Les responsables ukrainiens démentent l’imminence d’une invasion russe, mais l’OTAN poursuit sa mobilisation

Jour après jour depuis deux mois, nos médias nous affirment que la Russie a massé 100 000 soldats à la frontière avec l’Ukraine, prêts à envahir à tout moment. Or, depuis quelques jours, ces informations sont vigoureusement démenties par les dirigeants ukrainiens eux-mêmes, notamment par le ministre de la Défense et celui des Affaires étrangères, ainsi que par le président Zelensky en personne, qui a même appelé l’Occident à arrêter de répandre la panique. La propagande incessante sur l’imminence de la guerre a déjà eu des répercussions négatives sur l’économie ukrainienne et créé une psychose parmi la population (voir ci-dessous).

Entre-temps, la question cruciale pour Moscou concerne les garanties de sécurité qu’elle exige de la part de l’OTAN et de Washington, et qui leur ont été présentées à la mi-décembre sous forme de deux projets de traités (voir AS 1-4 / 212). Le 26 janvier, le ministre russe des Affaires étrangères, Serguei Lavrov, a fait savoir que les deux parties avaient enfin transmis leur réponse. Bien que le contenu n’en ait pas été rendu public, elles ne donnent, selon lui, aucune réaction positive aux principales exigences du Kremlin, à savoir l’arrêt de l’expansion de l’OTAN vers l’Est et le non-déploiement d’« armes hautement destructrices susceptibles de menacer le territoire de la Fédération de Russie ».
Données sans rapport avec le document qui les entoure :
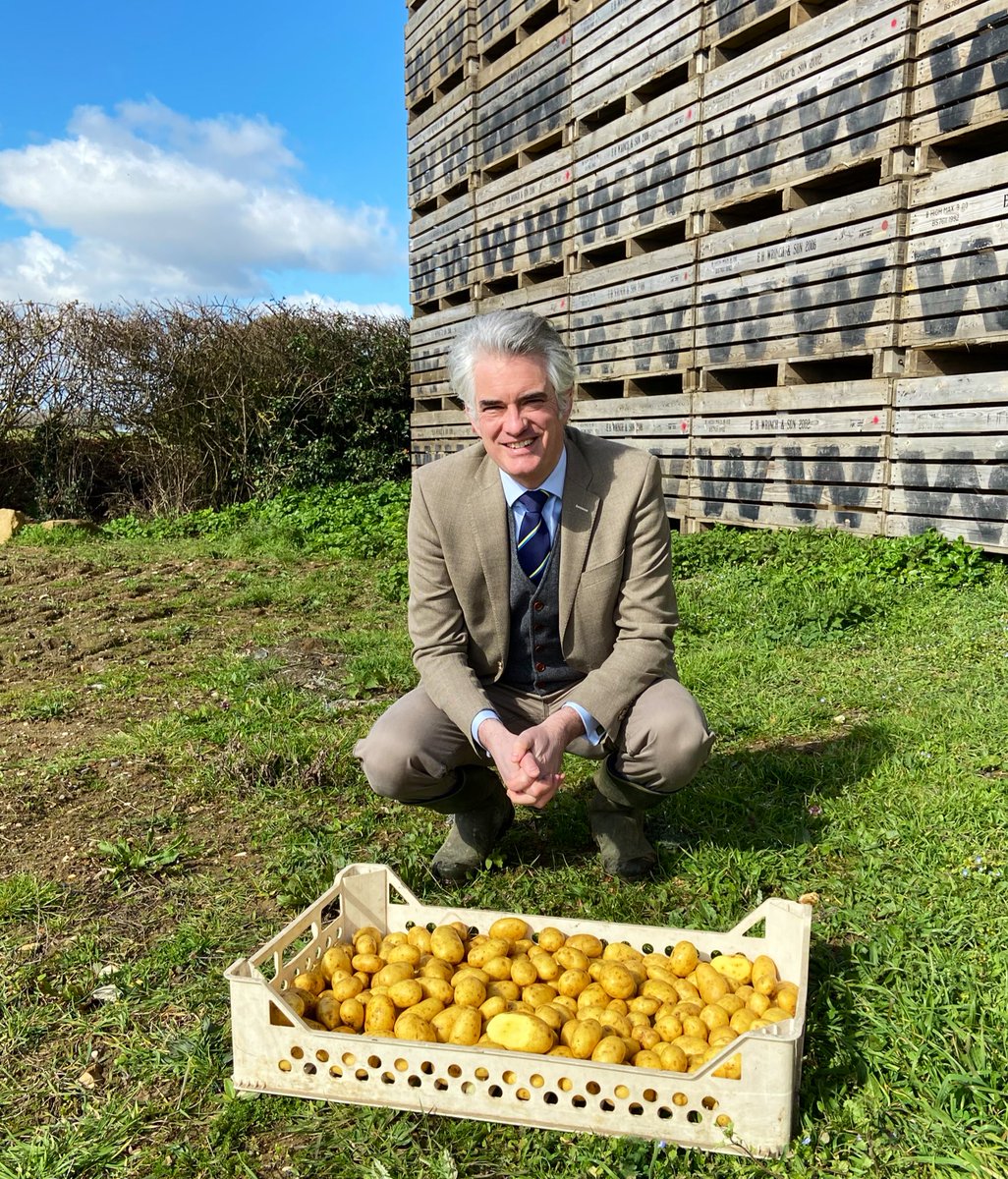 jcartlidgemp's tweet photo. Great to meet up with local potato producers on the peninsula this morning, supplying some of our biggest supermarkets with high quality Suffolk spuds. https://t.co/lTvIaRaZ09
Il a toutefois qualifié la réponse de Washington de « modèle de décence diplomatique », tout en saluant sa volonté de prendre en considération les préoccupations de Moscou. En revanche, le document envoyé par l’OTAN lui paraît « si idéologique, il témoigne de l’exclusivité de l’OTAN, de sa mission spéciale, de son but spécial », qu’il a « un peu honte » pour ceux qui l’ont rédigé.

On constate en effet que le secrétaire général de l’OTAN, Jens Stoltenberg, et le gouvernement britannique en particulier, se livrent à de graves menaces, tandis que d’énormes quantités de matériel militaire sont expédiées en Ukraine et alentour. Pendant ce temps, la désunion entre pays membres se manifeste de plus en plus ouvertement. Outre nos rapports de la semaine dernière sur l’opposition en France et en Allemagne, signalons le cas de l’Espagne : dénonçant la décision du Premier ministre socialiste Sanchez d’accroître les livraisons de fournitures militaires à l’OTAN, le principal partenaire de la coalition gouvernementale, Podemos, a appelé à une mobilisation contre la guerre. Et en Croatie, le président Milanovic a annoncé que son pays ne s’impliquerait en aucune façon dans la crise ukrainienne, tout en soulignant la nécessité de « parvenir à un accord qui tienne compte des intérêts de la Russie en matière de sécurité ». La Hongrie, la République tchèque et la Bulgarie sont tout aussi réticentes à participer à une quelconque action militaire.

Quant à Washington, si le président Biden semble favorable à une désescalade des tensions, beaucoup dans son administration ne le sont pas, et le Congrès prépare ce que ses auteurs appellent « la mère de toutes les sanctions » contre la Russie (voir ci-dessous). Mais le « parti de la guerre » et le « complexe militaro-financier » semblent encore convaincus de la possibilité de contraindre la Russie (et la Chine également) à se soumettre à leur ordre unipolaire. Leur insistance est alimentée par l’effondrement inévitable du système financier transatlantique qui sert de pilier à leur empire en faillite.